Nebius Group N.V. (NBIS) has experienced remarkable growth over the past year, transforming into a significant player in the cloud infrastructure market. The company’s aggressive expansion of its AI data centers has been a primary driver of this success.
Aggressive Expansion Fuels 1,000% Gain
Reports indicate that Nebius Group has achieved an impressive 1,000% gain from its early 2025 lows. This surge is directly attributable to its strategic and rapid build-out of AI-focused data center capacity.
Exceeding Power Targets and Revenue Projections
The company is on track to surpass its initial targets, with contracted power capacity expected to exceed 4 gigawatts (GW) by the close of the year. This milestone suggests a potential for $36 billion in annual recurring revenue (ARR), a figure significantly higher than previously anticipated.
Increased Capital Expenditures and Potential Dilution
In response to growing demand and opportunities, Nebius Group has boosted its capital expenditure plans to a range of $20 billion to $25 billion. While this investment signals confidence in future growth, it also raises the possibility of future capital raises, which could potentially temper the stock’s recent rally.

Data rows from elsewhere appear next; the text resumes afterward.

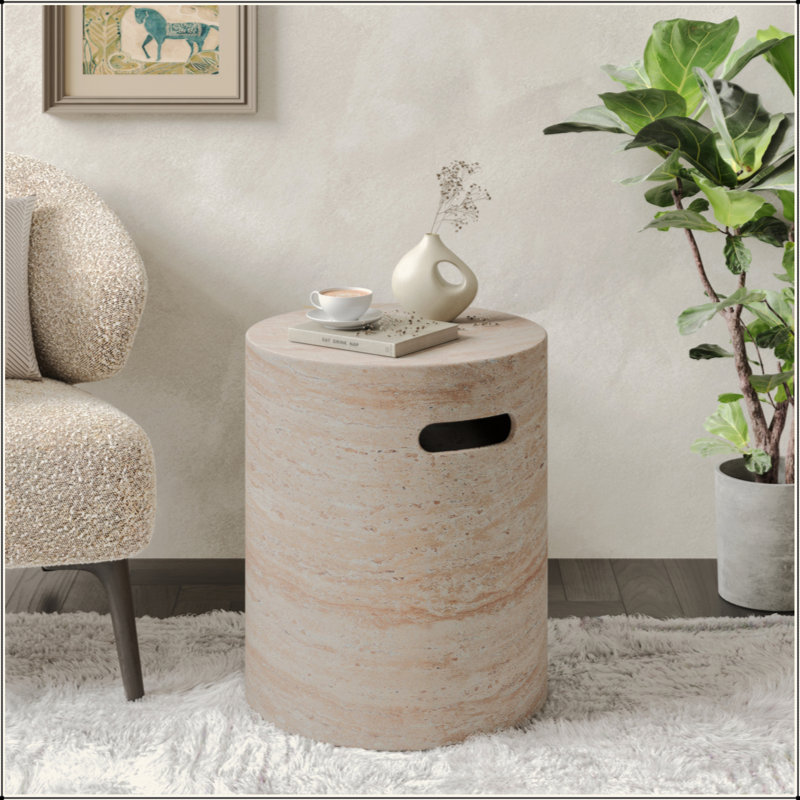 Table d'appoint d'extérieur / d'intérieur en béton léger avec poignées latérales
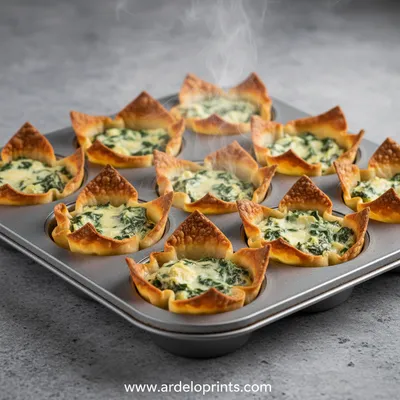 Spinach Artichoke Wonton Cups Recipe - cooking process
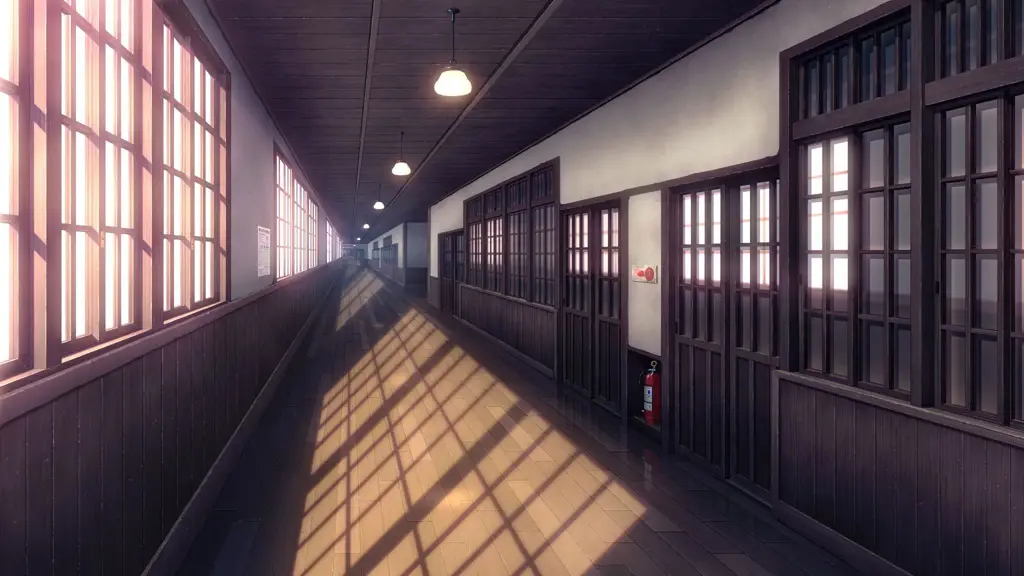 Suasana sekolah yang damai dalam anime Gambar pemandangan sekolah anime yang indah dan menenangkan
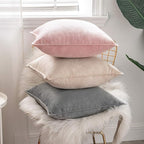 MIULEE Cream White Velvet Throw Pillow Covers 26x26 Soft Decorative Solid Square Euro Sham Cushion Cases Pack of 2 Modern Luxury Home Decor for Couch, Sofa, Bedroom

Strong Profitability and Valuation Potential
Analysis of the company’s financial performance reveals strong operating margins, with earnings before interest and taxes (EBIT) margins holding steady at 30%. Crucially, Nebius Group currently carries no net debt. Based on an estimated $11 billion in EBIT for its projected 4 GW of capacity, the stock could command a valuation multiple significantly higher than its current trading level.